■ **Exercise directions**: The lines needed run from the one that contains "Mitsubishi ASX - 9" through the end of the material below, both included; write them out exactly, with no pictures.

■ **Given material**:
◇ ◇ ◇ ◇ ◇ ◇ ◇
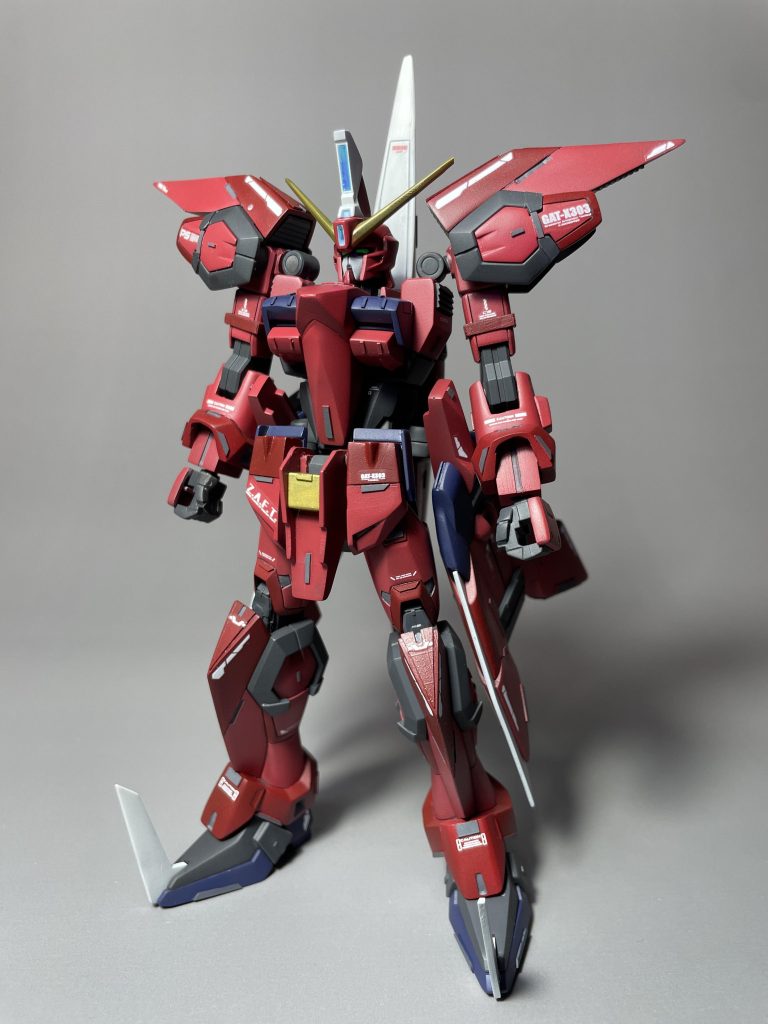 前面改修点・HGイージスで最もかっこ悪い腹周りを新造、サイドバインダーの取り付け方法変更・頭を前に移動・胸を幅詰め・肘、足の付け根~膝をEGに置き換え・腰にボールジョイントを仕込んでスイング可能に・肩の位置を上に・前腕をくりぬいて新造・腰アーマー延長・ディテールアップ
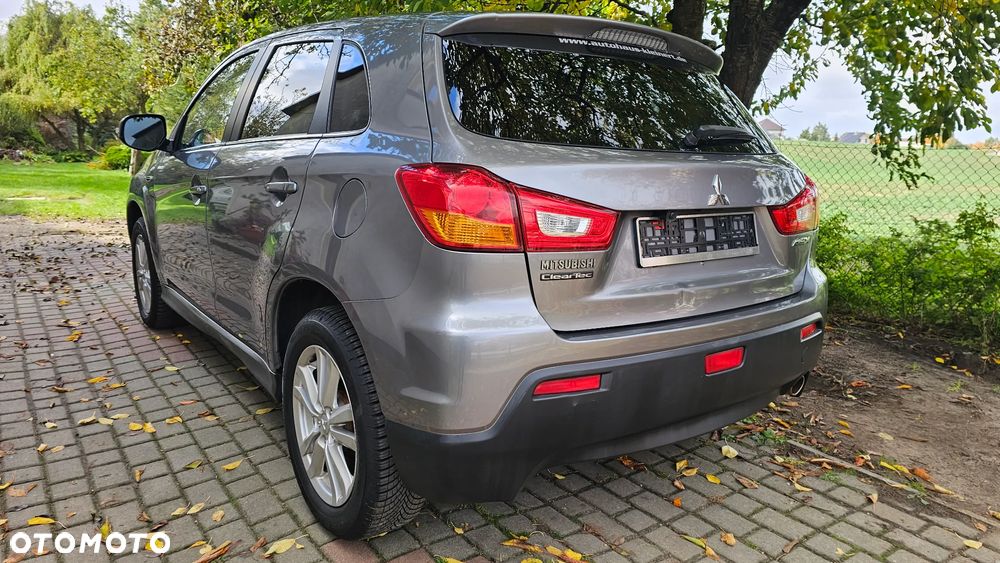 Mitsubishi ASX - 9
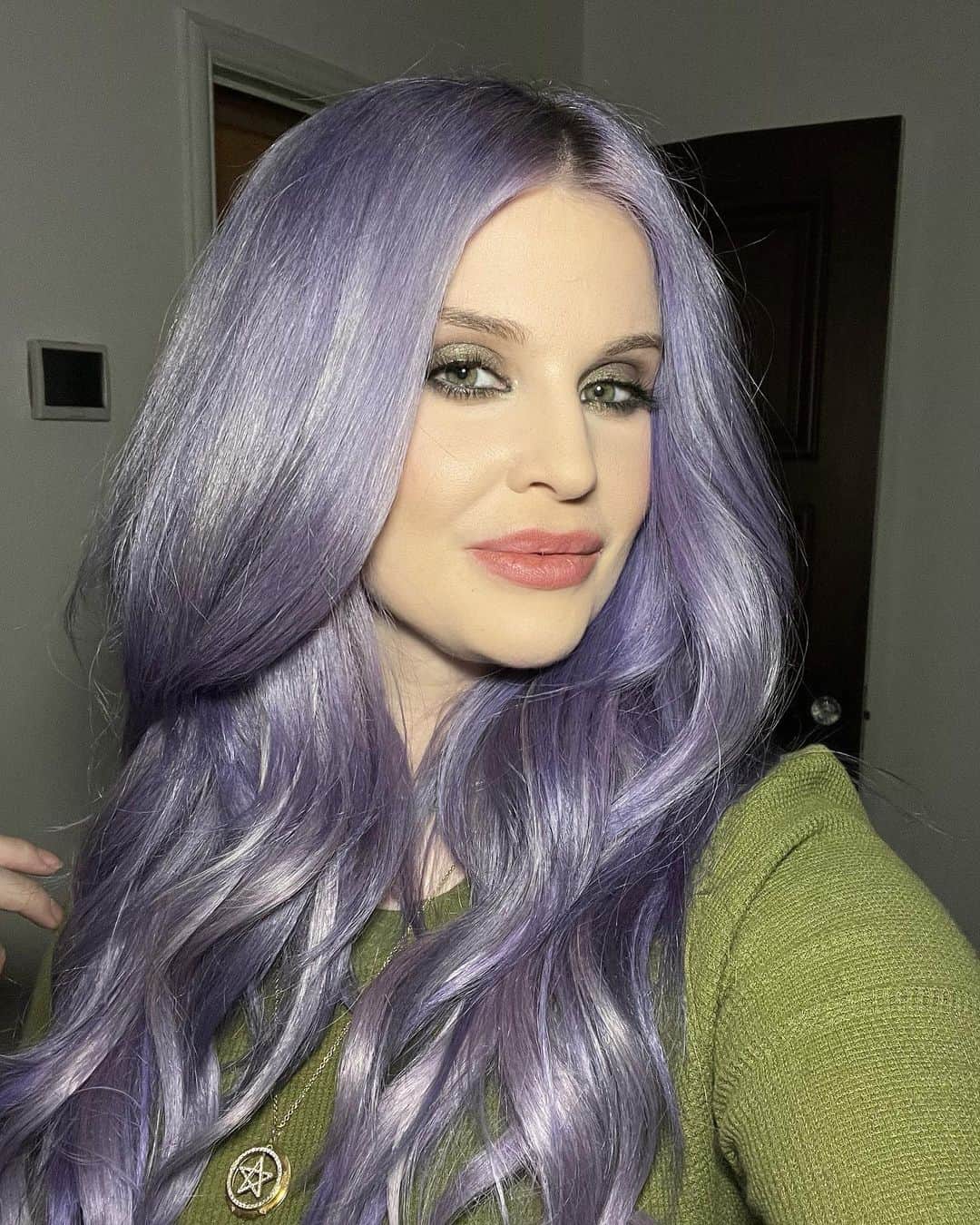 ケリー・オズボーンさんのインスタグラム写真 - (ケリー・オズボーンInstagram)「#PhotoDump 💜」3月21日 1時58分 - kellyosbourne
◇ ◇ ◇ ◇ ◇ ◇ ◇
■ **Answer to the problem**:
 Mitsubishi ASX - 9
 ケリー・オズボーンさんのインスタグラム写真 - (ケリー・オズボーンInstagram)「#PhotoDump 💜」3月21日 1時58分 - kellyosbourne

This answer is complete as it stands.